I start my new internship in a new state tomorrow and I have tons of mixed feelings about it. I am nervous, scared, excited, and ready for this new experience. It will be nothing that I have gone through such as being in a new place and working in big business. I am excited to see where this will take me in the future. It is exciting because I could potentially have a job similar to what I am doing in the internship and that is crazy. It is all so new and it scares me but I know this will be such a great opportunity for me. It will be a great location because it is Northern California and it is warm every day so that will make the weekends enjoyable.
As this is my last summer before I graduate. I want to learn more about the business world and see what interests me and what doesn't. It is interesting to see what I will like about big business or if I want to be at a smaller business. The number of changes that will occur in my life is going to move rapidly which is kind of nerve-racking. Yet the best feeling is the factor of shock when something great happens that I would have never expected.
It's exciting to see that my future is unfolding in front of me and all of my hard work is paying off and it feels great. It feels surreal that this all happening so fast and soon I will be having my own job after college. This is something that I couldn't have even imagined myself thinking about 3 years ago, and it's actually really exciting. There are so many things I haven't been able to do yet, and now I'm presented with so many opportunities.
I'm so thankful for those who encourage me on a daily basis and all of the support my parents have shown me. I truly couldn't have done it without them. They have been there for me through it all and I couldn't ask for anything more. They have challenged me and I am forever grateful for that. There are many new difficulties that I have yet to overcome, but I know that each of these obstacles will create new knowledge that will put me in a positive direction.
I couldn't imagine getting to where I am today without the people who love me the most.
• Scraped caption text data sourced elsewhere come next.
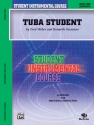 Tuba Student Level 1 (elementary)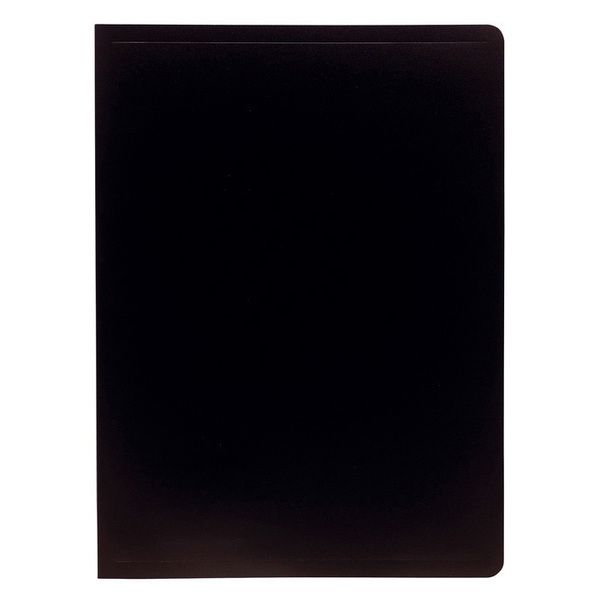 Exacompta Display book A4 10pockets (20views)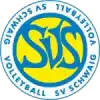 Schwaig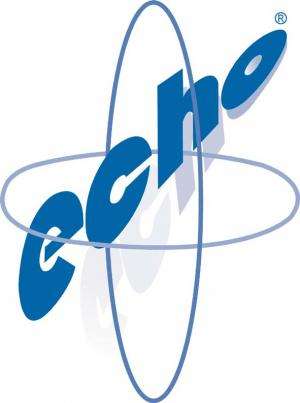 Logo for Hearing Products International Limited UK conference 2025
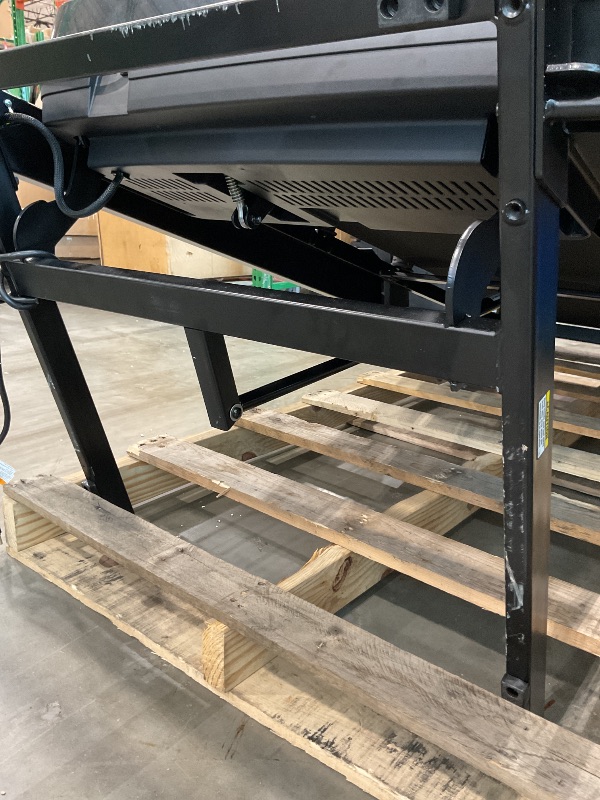 Photo 1 of *FOR PARTS ONLY* NORDICTRACK T Series 10 Foldable iFit-enabled Treadmill with Incline Adjustment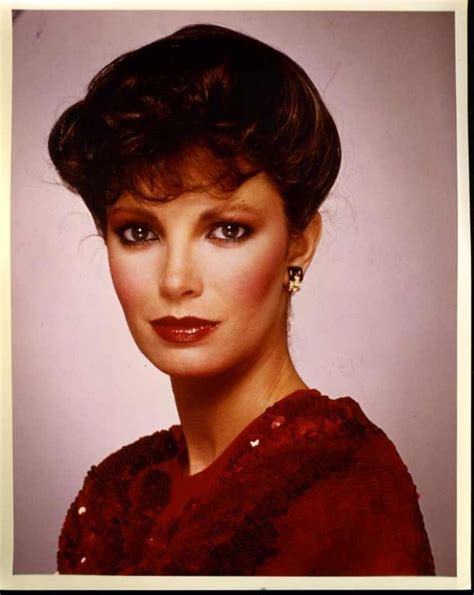 Picture Of Jaclyn Smith Jaclyn Smith Jaclyn Jacklyn Smith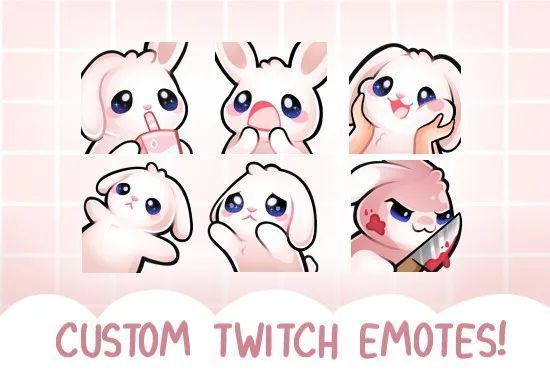 If anyone interested in vtuber, Overlay,Layout, Panels so DM me😍 #gamergirl #twitchaffiliate #supportsmallstreamers #CallofDutyWarzone #twitch #smallstreamer #gamer #valorant #vtuber #SupportSmallStreamers #apexlegend #Warzone #gamers #smallstreamers  (Reference from web)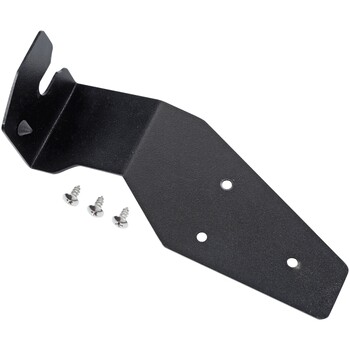 12-17 jimny special walkie-talkie bracket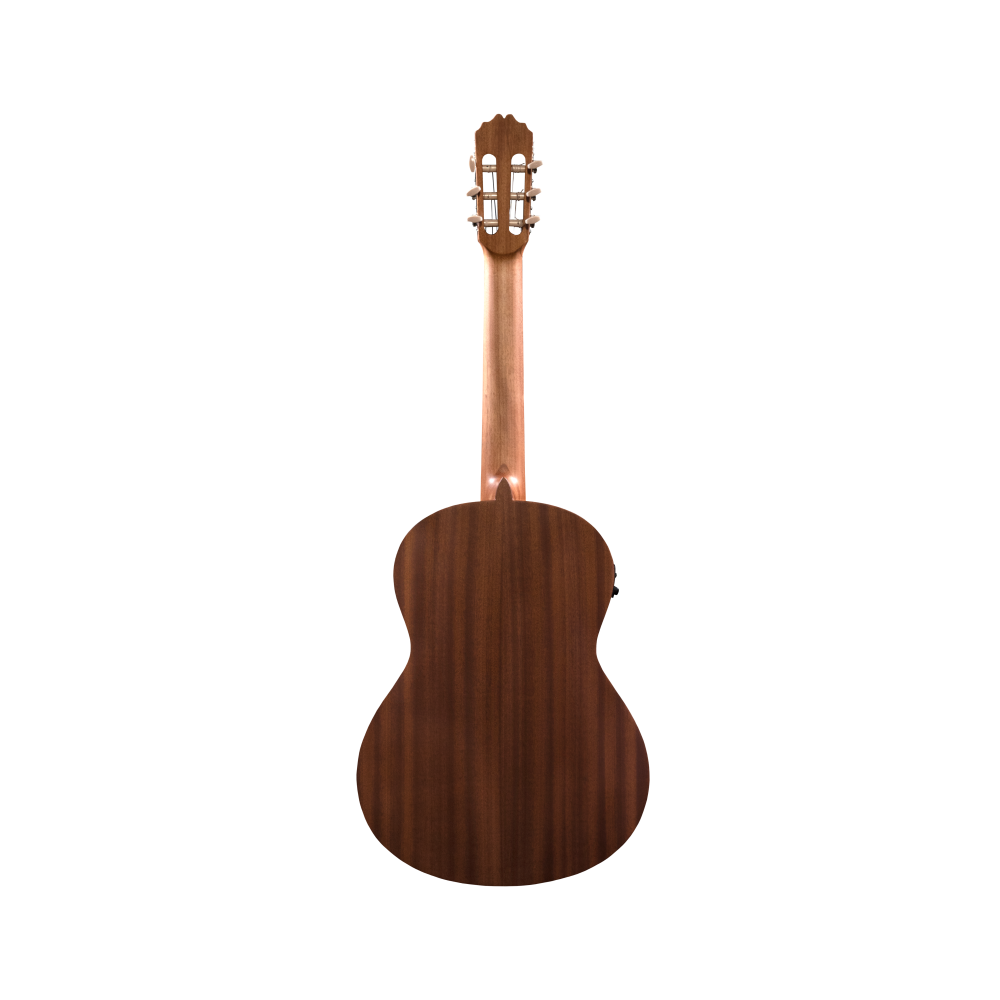 Prodipe Student 4/4 EQ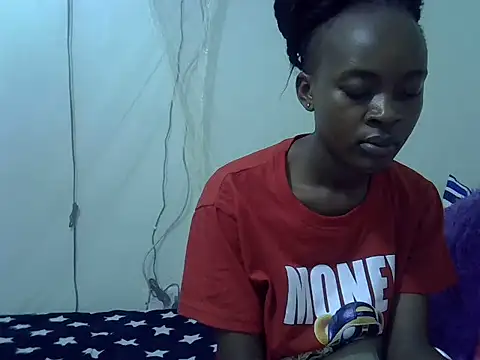 Snapshot of just_nuru chatting on October 2025 05:26:02 PM just nuru online show from October 2025 05:26:02 PM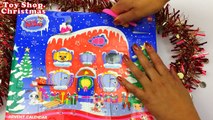 Christmas Playset Playmobil Santas Sleigh Presents Reindeer Angel Dolls Cookieswirlc Revi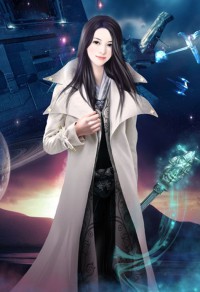 快穿反派女配：神秘男神，麼麼噠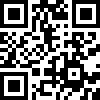 https://khabaronline.ir/xLN6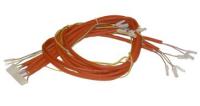 Cablage Mcz/Red 41451601400
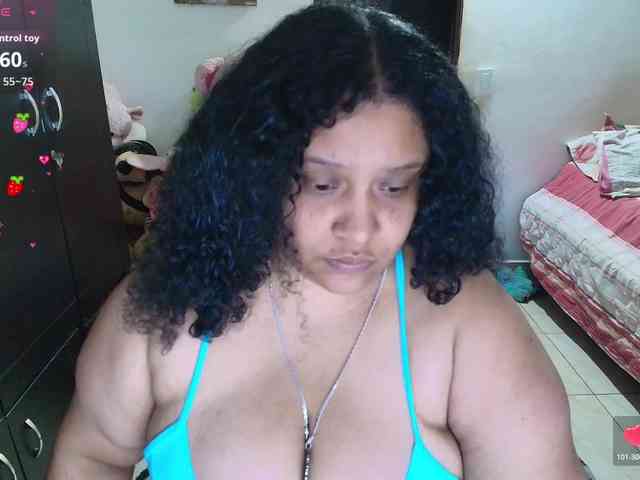 millarobertss webcam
I don't think I would have gotten through it. They pushed me to get to where I am today and have always taught me to never give up. Although it's difficult right now and everything is far from perfect, I have confidence in my future due to what I've been through already. Everything that has happened in my life has led me to this point, and I'm ready for the next adventure. It can be scary but it has taught me that it will all be worth it in the end and I can't wait to look back on it and tell everyone how much of an adventure it has been.